__Listed entries__:
---*---
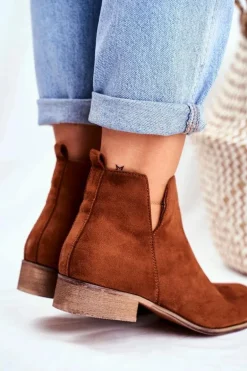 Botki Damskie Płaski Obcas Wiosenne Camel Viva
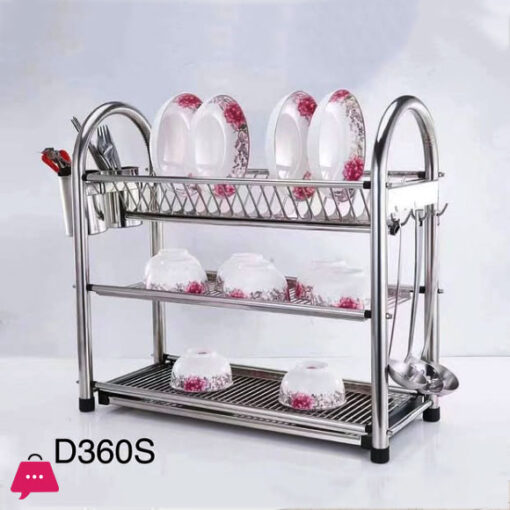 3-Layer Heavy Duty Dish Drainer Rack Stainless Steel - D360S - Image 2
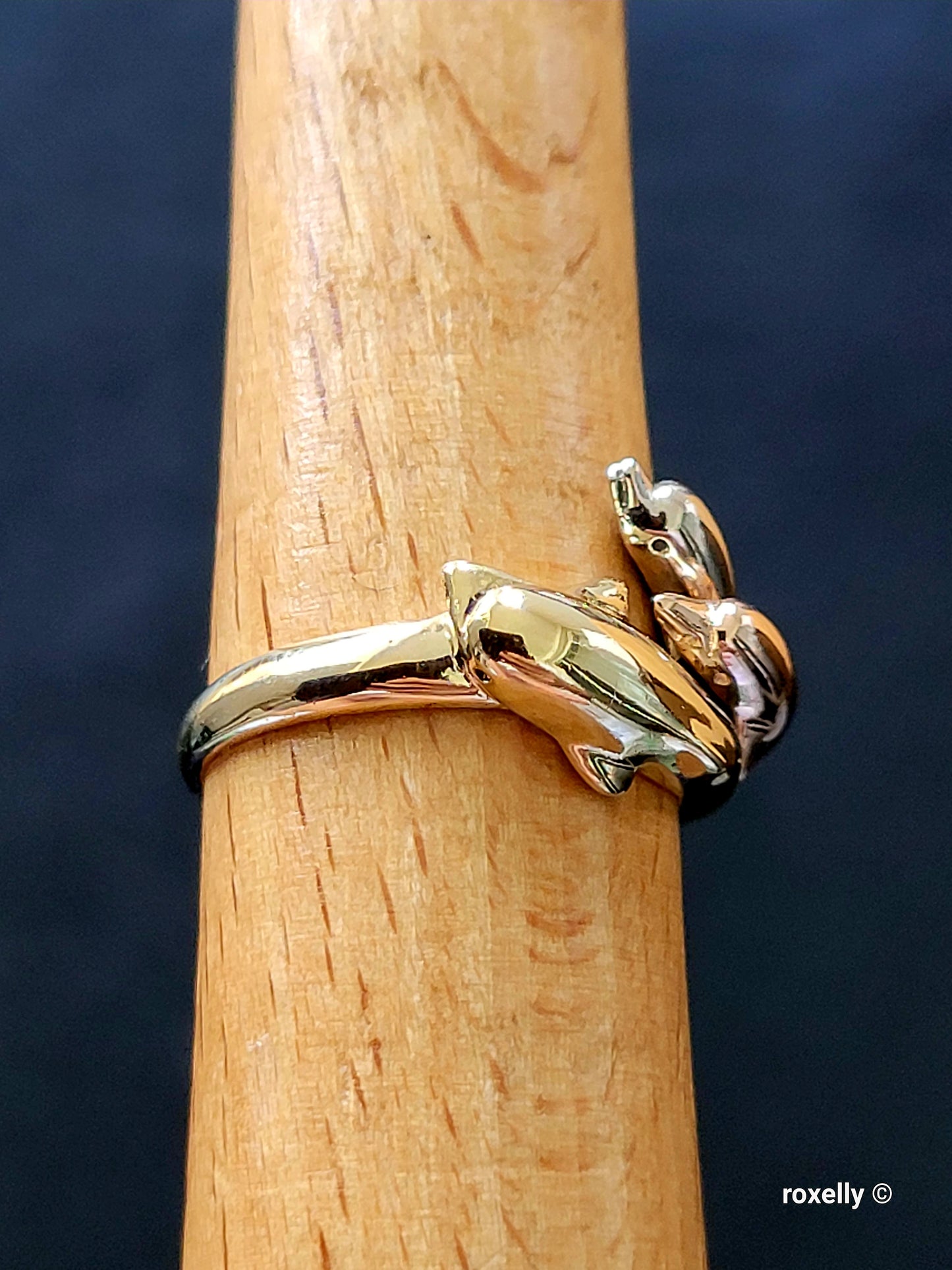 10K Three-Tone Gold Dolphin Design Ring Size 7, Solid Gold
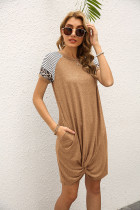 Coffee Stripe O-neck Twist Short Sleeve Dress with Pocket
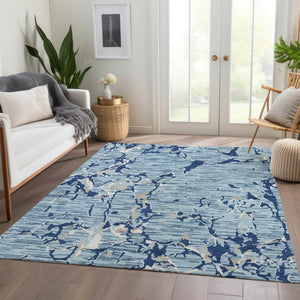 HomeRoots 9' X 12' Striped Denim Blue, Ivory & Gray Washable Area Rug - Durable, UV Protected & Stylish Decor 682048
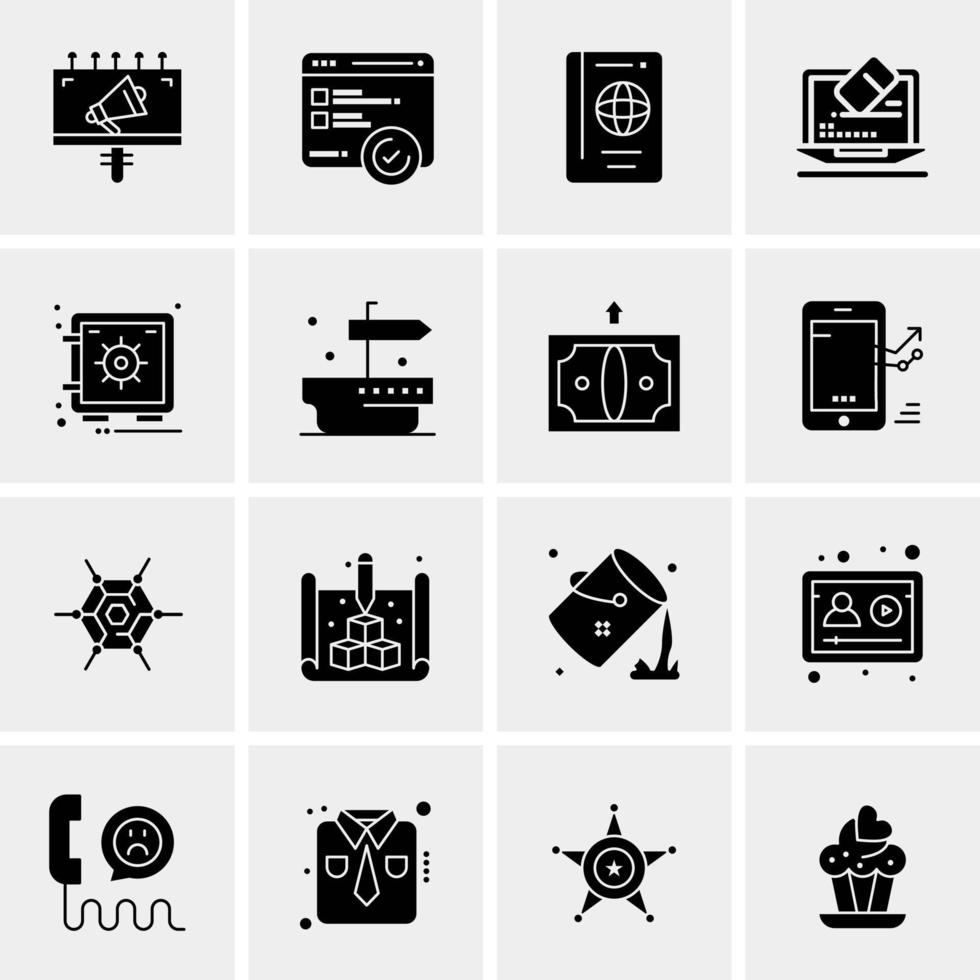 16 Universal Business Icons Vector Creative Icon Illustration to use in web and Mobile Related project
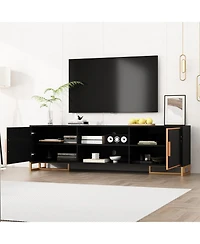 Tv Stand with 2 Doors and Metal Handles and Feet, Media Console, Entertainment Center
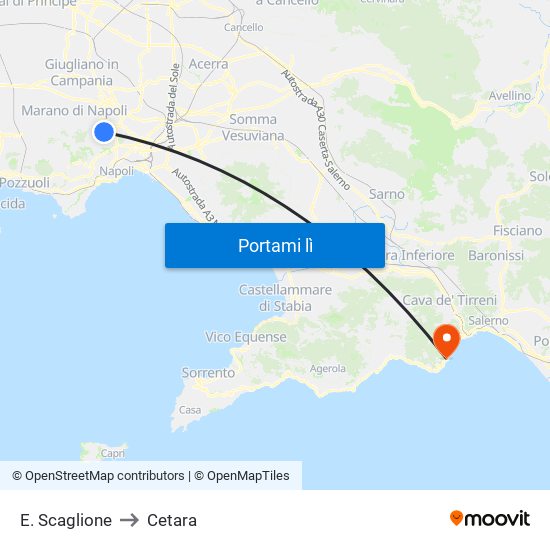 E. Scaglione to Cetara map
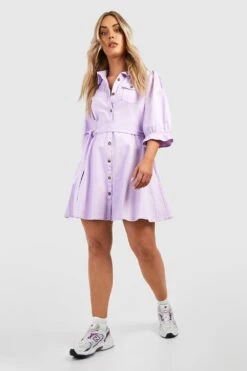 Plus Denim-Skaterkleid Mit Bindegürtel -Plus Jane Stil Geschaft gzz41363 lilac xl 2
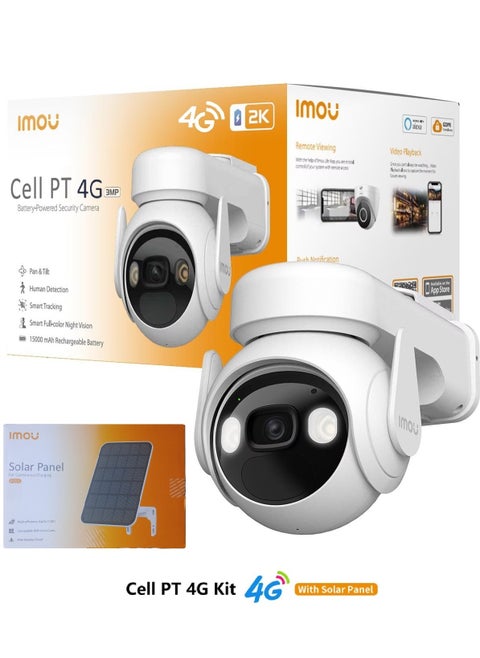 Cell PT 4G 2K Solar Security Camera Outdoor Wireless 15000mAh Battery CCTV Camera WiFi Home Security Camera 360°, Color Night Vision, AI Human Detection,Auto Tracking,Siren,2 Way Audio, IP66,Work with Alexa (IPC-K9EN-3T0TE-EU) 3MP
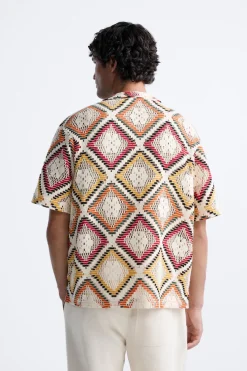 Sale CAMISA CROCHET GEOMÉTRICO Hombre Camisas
---*---
__Action item__:
In the copy, include each line from the start of the material through the line with "Coffee Stripe O-neck", word for word, but none of the pictures.

__Solution for this problem__:
 Botki Damskie Płaski Obcas Wiosenne Camel Viva
 3-Layer Heavy Duty Dish Drainer Rack Stainless Steel - D360S - Image 2
 10K Three-Tone Gold Dolphin Design Ring Size 7, Solid Gold
 Coffee Stripe O-neck Twist Short Sleeve Dress with Pocket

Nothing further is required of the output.